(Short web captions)

────────────────

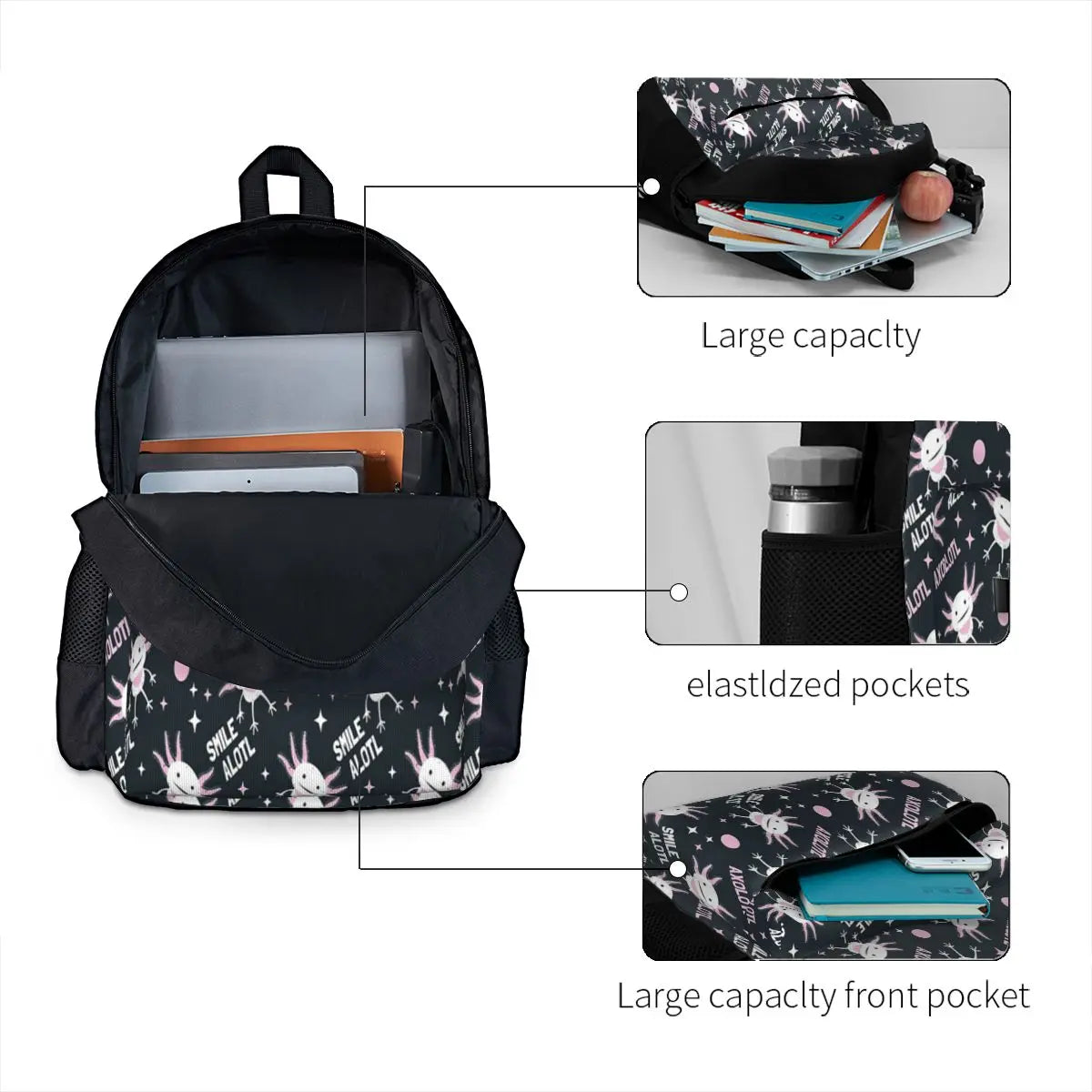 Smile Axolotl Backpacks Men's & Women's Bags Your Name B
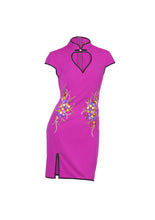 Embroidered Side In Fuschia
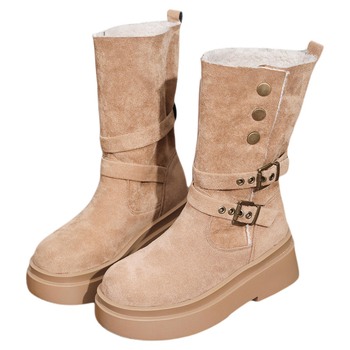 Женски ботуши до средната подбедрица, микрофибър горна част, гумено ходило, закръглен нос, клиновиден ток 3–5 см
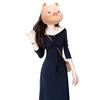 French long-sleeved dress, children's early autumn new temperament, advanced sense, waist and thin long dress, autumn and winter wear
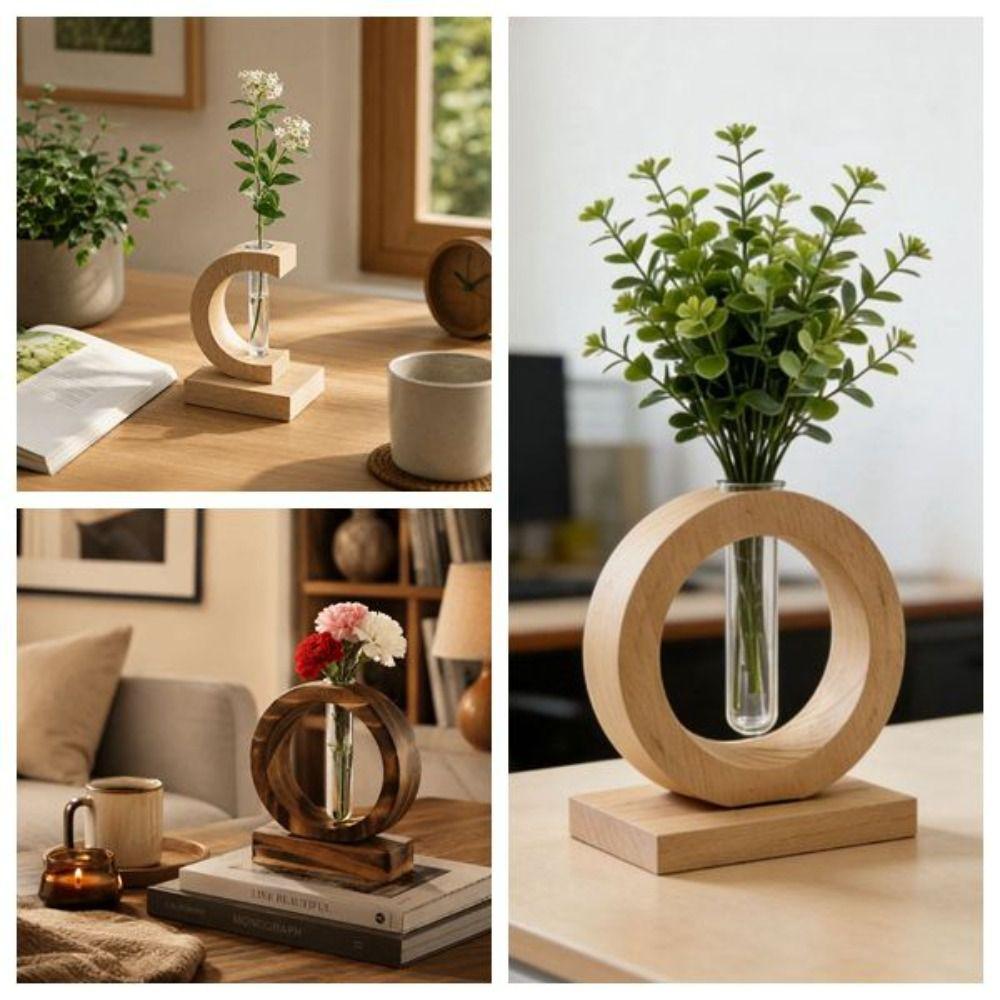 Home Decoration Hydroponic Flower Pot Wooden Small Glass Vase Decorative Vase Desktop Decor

────────────────

Instructions for the task> Where the line with "Embroidered Side In Fuschia" appears, begin there and transcribe exactly through the last line of the data, leaving all pictures aside.

Solution to this exercise>
 Embroidered Side In Fuschia
 Женски ботуши до средната подбедрица, микрофибър горна част, гумено ходило, закръглен нос, клиновиден ток 3–5 см
 French long-sleeved dress, children's early autumn new temperament, advanced sense, waist and thin long dress, autumn and winter wear
 Home Decoration Hydroponic Flower Pot Wooden Small Glass Vase Decorative Vase Desktop Decor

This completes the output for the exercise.